_Collected material_
/---

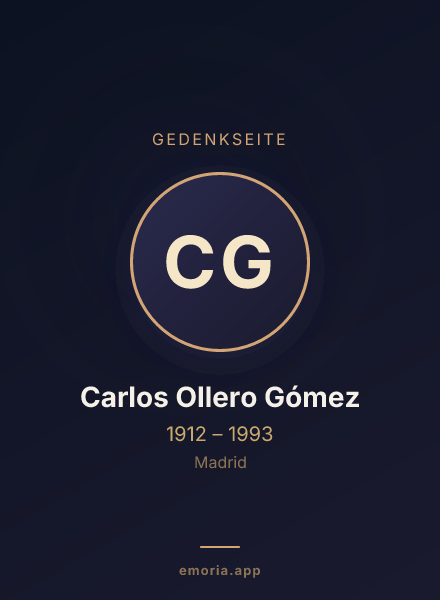 Gedenkportrait von Carlos Ollero Gómez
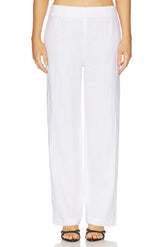 Linen Flat Pant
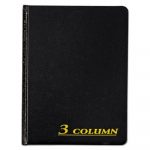 Account Book, 3 Column, Black Cover, 80 Pages, 7 x 9 1/4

\---

_What you need to do_
The listing above is to be retyped word for word, with the pictures omitted.

_Answer to the exercise_
 Gedenkportrait von Carlos Ollero Gómez
 Linen Flat Pant
 Account Book, 3 Column, Black Cover, 80 Pages, 7 x 9 1/4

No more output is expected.